Güven Barometresi değişen önceliklerimize de işaret ediyor. Ailem ve ihtiyaçları başlığı tartışmamız en kıymetlisi, onu yakın ara güçlü bir BEN izliyor; “Benim medya okuryazarlığım”, “Benim bilgi okuryazarlığım”, “Benim bilim okuryazarlığım” diyenler belli ki, artık kabak tadı veren Dunning-Kruger sendromu kahramanlarından kurtulmanın yollarını arıyor. Araştırmanın kıymetli bulgularından biri de her 4 kişiden yalnızca birinin bilgi hijyenine sahip olduğu gerçeği. Cehalete övgü devrinde veri bolluğunda bilgi açlığı çekmemizin nedeninin başında bu geliyor.
Güven kolay kazanılmıyor, ama çabuk yitirilebiliyor üstelik tamiri de zor.

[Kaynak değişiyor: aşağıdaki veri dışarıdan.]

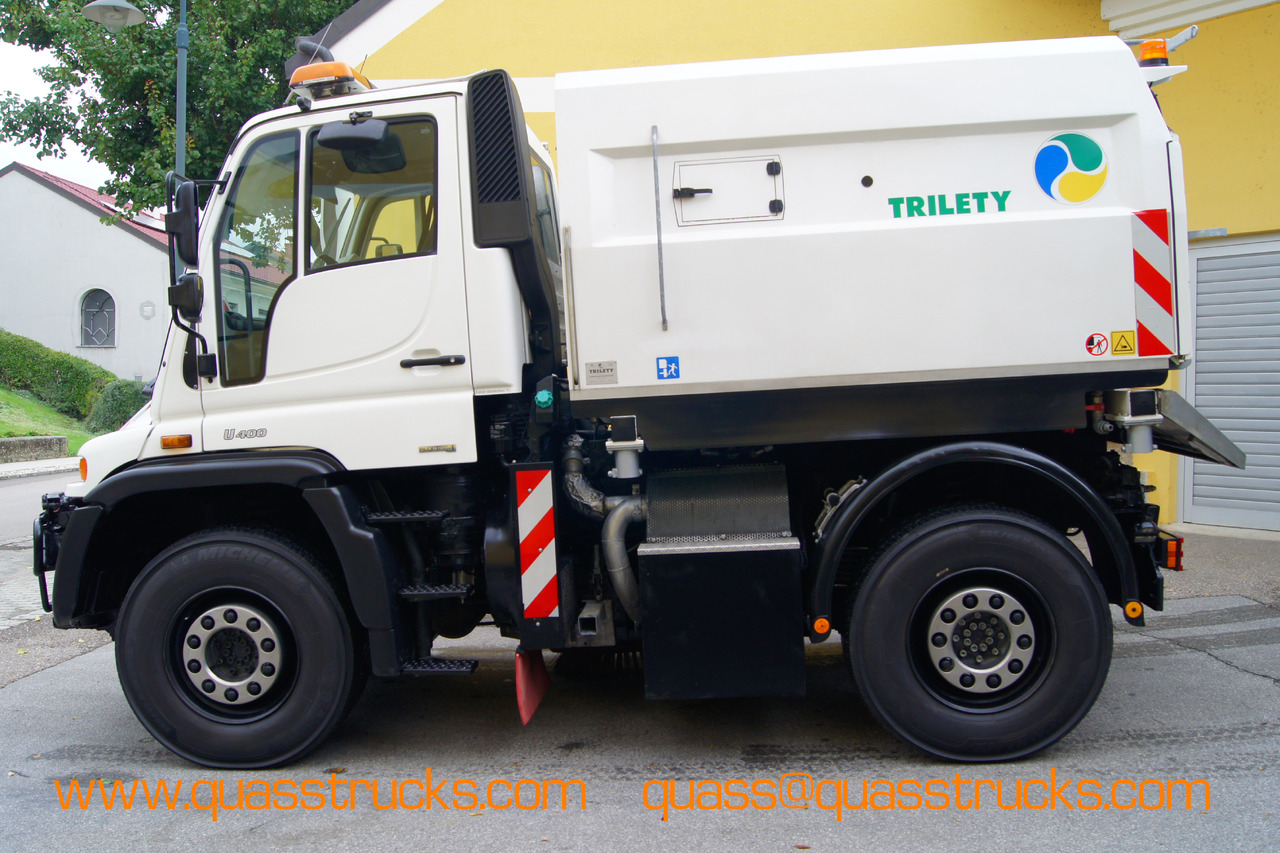 MERCEDES-BENZ Unimog U400 + TRILETY Kehrmaschine/TÜV/EUR4/Leistungshydraulik - Sopmaskin: bild 3 MERCEDES-BENZ Unimog U400 + TRILETY Kehrmaschine/TÜV/EUR4/Leistungshydraulik - Sopmaskin: bild 3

Güveni kazanmanın temel yolu ise adalet, eşitlik, şeffaflık, samimiyet, bilim… Bir de bilgiyle konuşmak, anlatmak, iletişim kurmak. Bilgiye olan güveni bir daha yıkılmayacak şekilde inşa etmekten başka umut yolu göremiyorum.
Yeni yıl motivasyonumuz da deklarasyonumuz da bilgi, bilim, güven olmalı.